## [TASK DIRECTIONS]
Give back the whole listing exactly as it is written.

## [RECORDS SHOWN]
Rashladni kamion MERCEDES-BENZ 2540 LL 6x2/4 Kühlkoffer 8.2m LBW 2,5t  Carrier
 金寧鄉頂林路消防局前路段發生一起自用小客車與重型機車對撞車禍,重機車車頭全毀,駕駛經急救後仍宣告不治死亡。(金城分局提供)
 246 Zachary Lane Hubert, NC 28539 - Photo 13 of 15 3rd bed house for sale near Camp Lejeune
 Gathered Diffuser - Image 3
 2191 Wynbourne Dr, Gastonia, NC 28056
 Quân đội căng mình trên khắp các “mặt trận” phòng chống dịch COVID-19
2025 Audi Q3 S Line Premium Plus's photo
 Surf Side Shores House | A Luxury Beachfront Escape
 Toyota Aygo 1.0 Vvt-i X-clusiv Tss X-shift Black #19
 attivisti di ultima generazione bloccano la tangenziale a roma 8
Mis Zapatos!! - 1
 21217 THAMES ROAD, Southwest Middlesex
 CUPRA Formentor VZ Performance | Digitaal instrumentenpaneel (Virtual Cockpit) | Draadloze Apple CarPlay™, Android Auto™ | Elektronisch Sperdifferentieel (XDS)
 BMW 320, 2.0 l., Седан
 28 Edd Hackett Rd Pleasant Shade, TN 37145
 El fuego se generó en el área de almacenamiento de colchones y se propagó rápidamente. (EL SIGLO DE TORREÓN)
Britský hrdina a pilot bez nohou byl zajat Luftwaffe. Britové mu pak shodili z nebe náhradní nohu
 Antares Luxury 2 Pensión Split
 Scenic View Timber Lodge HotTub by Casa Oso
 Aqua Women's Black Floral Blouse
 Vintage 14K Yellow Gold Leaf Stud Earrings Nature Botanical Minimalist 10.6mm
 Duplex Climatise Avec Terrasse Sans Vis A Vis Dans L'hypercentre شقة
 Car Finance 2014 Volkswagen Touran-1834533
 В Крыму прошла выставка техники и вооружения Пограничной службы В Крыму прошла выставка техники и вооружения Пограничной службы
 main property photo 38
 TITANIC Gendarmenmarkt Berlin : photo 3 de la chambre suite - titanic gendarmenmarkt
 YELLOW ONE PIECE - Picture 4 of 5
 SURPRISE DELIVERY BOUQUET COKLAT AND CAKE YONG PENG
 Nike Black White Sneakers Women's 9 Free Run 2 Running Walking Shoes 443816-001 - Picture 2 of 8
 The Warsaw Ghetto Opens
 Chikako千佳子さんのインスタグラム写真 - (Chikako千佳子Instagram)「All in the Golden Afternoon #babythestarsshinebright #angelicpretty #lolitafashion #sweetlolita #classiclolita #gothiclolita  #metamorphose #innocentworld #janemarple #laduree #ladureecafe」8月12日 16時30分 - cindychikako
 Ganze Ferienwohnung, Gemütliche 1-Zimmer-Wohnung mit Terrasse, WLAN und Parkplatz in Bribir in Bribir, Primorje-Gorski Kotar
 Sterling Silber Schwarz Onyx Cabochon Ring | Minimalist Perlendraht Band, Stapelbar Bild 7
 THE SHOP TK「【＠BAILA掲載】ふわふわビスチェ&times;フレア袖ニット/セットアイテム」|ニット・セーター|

## [ANSWER TO THIS EXERCISE]
Rashladni kamion MERCEDES-BENZ 2540 LL 6x2/4 Kühlkoffer 8.2m LBW 2,5t  Carrier
 金寧鄉頂林路消防局前路段發生一起自用小客車與重型機車對撞車禍,重機車車頭全毀,駕駛經急救後仍宣告不治死亡。(金城分局提供)
 246 Zachary Lane Hubert, NC 28539 - Photo 13 of 15 3rd bed house for sale near Camp Lejeune
 Gathered Diffuser - Image 3
 2191 Wynbourne Dr, Gastonia, NC 28056
 Quân đội căng mình trên khắp các “mặt trận” phòng chống dịch COVID-19
2025 Audi Q3 S Line Premium Plus's photo
 Surf Side Shores House | A Luxury Beachfront Escape
 Toyota Aygo 1.0 Vvt-i X-clusiv Tss X-shift Black #19
 attivisti di ultima generazione bloccano la tangenziale a roma 8
Mis Zapatos!! - 1
 21217 THAMES ROAD, Southwest Middlesex
 CUPRA Formentor VZ Performance | Digitaal instrumentenpaneel (Virtual Cockpit) | Draadloze Apple CarPlay™, Android Auto™ | Elektronisch Sperdifferentieel (XDS)
 BMW 320, 2.0 l., Седан
 28 Edd Hackett Rd Pleasant Shade, TN 37145
 El fuego se generó en el área de almacenamiento de colchones y se propagó rápidamente. (EL SIGLO DE TORREÓN)
Britský hrdina a pilot bez nohou byl zajat Luftwaffe. Britové mu pak shodili z nebe náhradní nohu
 Antares Luxury 2 Pensión Split
 Scenic View Timber Lodge HotTub by Casa Oso
 Aqua Women's Black Floral Blouse
 Vintage 14K Yellow Gold Leaf Stud Earrings Nature Botanical Minimalist 10.6mm
 Duplex Climatise Avec Terrasse Sans Vis A Vis Dans L'hypercentre شقة
 Car Finance 2014 Volkswagen Touran-1834533
 В Крыму прошла выставка техники и вооружения Пограничной службы В Крыму прошла выставка техники и вооружения Пограничной службы
 main property photo 38
 TITANIC Gendarmenmarkt Berlin : photo 3 de la chambre suite - titanic gendarmenmarkt
 YELLOW ONE PIECE - Picture 4 of 5
 SURPRISE DELIVERY BOUQUET COKLAT AND CAKE YONG PENG
 Nike Black White Sneakers Women's 9 Free Run 2 Running Walking Shoes 443816-001 - Picture 2 of 8
 The Warsaw Ghetto Opens
 Chikako千佳子さんのインスタグラム写真 - (Chikako千佳子Instagram)「All in the Golden Afternoon #babythestarsshinebright #angelicpretty #lolitafashion #sweetlolita #classiclolita #gothiclolita  #metamorphose #innocentworld #janemarple #laduree #ladureecafe」8月12日 16時30分 - cindychikako
 Ganze Ferienwohnung, Gemütliche 1-Zimmer-Wohnung mit Terrasse, WLAN und Parkplatz in Bribir in Bribir, Primorje-Gorski Kotar
 Sterling Silber Schwarz Onyx Cabochon Ring | Minimalist Perlendraht Band, Stapelbar Bild 7
 THE SHOP TK「【＠BAILA掲載】ふわふわビスチェ&times;フレア袖ニット/セットアイテム」|ニット・セーター|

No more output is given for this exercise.